* **DIRECTIONS FOR THIS TASK**
Could you write out the listing below again, exactly?
THE DATA START
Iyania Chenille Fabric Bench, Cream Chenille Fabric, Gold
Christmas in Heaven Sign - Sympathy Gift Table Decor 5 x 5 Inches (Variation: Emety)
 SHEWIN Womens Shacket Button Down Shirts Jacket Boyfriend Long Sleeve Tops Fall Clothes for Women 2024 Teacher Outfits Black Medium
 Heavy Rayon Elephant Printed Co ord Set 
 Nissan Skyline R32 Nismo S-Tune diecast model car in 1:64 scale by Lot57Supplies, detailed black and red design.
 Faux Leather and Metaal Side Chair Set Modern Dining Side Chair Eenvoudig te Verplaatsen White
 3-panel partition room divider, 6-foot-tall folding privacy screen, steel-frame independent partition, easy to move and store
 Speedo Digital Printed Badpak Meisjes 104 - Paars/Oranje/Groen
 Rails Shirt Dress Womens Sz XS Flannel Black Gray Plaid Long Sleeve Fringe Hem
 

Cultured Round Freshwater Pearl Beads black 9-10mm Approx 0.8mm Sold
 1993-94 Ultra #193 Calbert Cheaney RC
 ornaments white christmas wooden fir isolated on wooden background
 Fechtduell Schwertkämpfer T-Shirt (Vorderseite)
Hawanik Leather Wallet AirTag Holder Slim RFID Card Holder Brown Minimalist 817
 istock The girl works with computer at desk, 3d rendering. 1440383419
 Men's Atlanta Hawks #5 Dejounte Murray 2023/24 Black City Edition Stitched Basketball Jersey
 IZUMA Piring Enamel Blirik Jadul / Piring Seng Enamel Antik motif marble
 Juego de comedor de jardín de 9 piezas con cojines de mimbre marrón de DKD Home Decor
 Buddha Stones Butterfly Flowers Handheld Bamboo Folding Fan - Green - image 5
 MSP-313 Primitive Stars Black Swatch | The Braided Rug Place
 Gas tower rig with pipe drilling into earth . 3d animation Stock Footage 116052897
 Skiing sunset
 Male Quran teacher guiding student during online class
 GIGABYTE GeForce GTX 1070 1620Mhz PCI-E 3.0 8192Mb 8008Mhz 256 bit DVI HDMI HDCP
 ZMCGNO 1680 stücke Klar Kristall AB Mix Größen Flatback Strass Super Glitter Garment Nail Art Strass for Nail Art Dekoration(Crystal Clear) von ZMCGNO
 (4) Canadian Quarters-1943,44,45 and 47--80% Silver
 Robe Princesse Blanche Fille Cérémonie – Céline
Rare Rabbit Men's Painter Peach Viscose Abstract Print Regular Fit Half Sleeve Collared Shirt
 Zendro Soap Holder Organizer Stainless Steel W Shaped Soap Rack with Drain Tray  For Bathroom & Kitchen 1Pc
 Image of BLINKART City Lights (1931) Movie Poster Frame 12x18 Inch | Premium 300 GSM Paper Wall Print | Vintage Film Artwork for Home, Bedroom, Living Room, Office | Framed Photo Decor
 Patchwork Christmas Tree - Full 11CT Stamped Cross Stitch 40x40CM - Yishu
THE DATA END
* **WRITTEN REPLY**
Iyania Chenille Fabric Bench, Cream Chenille Fabric, Gold
Christmas in Heaven Sign - Sympathy Gift Table Decor 5 x 5 Inches (Variation: Emety)
 SHEWIN Womens Shacket Button Down Shirts Jacket Boyfriend Long Sleeve Tops Fall Clothes for Women 2024 Teacher Outfits Black Medium
 Heavy Rayon Elephant Printed Co ord Set 
 Nissan Skyline R32 Nismo S-Tune diecast model car in 1:64 scale by Lot57Supplies, detailed black and red design.
 Faux Leather and Metaal Side Chair Set Modern Dining Side Chair Eenvoudig te Verplaatsen White
 3-panel partition room divider, 6-foot-tall folding privacy screen, steel-frame independent partition, easy to move and store
 Speedo Digital Printed Badpak Meisjes 104 - Paars/Oranje/Groen
 Rails Shirt Dress Womens Sz XS Flannel Black Gray Plaid Long Sleeve Fringe Hem
 

Cultured Round Freshwater Pearl Beads black 9-10mm Approx 0.8mm Sold
 1993-94 Ultra #193 Calbert Cheaney RC
 ornaments white christmas wooden fir isolated on wooden background
 Fechtduell Schwertkämpfer T-Shirt (Vorderseite)
Hawanik Leather Wallet AirTag Holder Slim RFID Card Holder Brown Minimalist 817
 istock The girl works with computer at desk, 3d rendering. 1440383419
 Men's Atlanta Hawks #5 Dejounte Murray 2023/24 Black City Edition Stitched Basketball Jersey
 IZUMA Piring Enamel Blirik Jadul / Piring Seng Enamel Antik motif marble
 Juego de comedor de jardín de 9 piezas con cojines de mimbre marrón de DKD Home Decor
 Buddha Stones Butterfly Flowers Handheld Bamboo Folding Fan - Green - image 5
 MSP-313 Primitive Stars Black Swatch | The Braided Rug Place
 Gas tower rig with pipe drilling into earth . 3d animation Stock Footage 116052897
 Skiing sunset
 Male Quran teacher guiding student during online class
 GIGABYTE GeForce GTX 1070 1620Mhz PCI-E 3.0 8192Mb 8008Mhz 256 bit DVI HDMI HDCP
 ZMCGNO 1680 stücke Klar Kristall AB Mix Größen Flatback Strass Super Glitter Garment Nail Art Strass for Nail Art Dekoration(Crystal Clear) von ZMCGNO
 (4) Canadian Quarters-1943,44,45 and 47--80% Silver
 Robe Princesse Blanche Fille Cérémonie – Céline
Rare Rabbit Men's Painter Peach Viscose Abstract Print Regular Fit Half Sleeve Collared Shirt
 Zendro Soap Holder Organizer Stainless Steel W Shaped Soap Rack with Drain Tray  For Bathroom & Kitchen 1Pc
 Image of BLINKART City Lights (1931) Movie Poster Frame 12x18 Inch | Premium 300 GSM Paper Wall Print | Vintage Film Artwork for Home, Bedroom, Living Room, Office | Framed Photo Decor
 Patchwork Christmas Tree - Full 11CT Stamped Cross Stitch 40x40CM - Yishu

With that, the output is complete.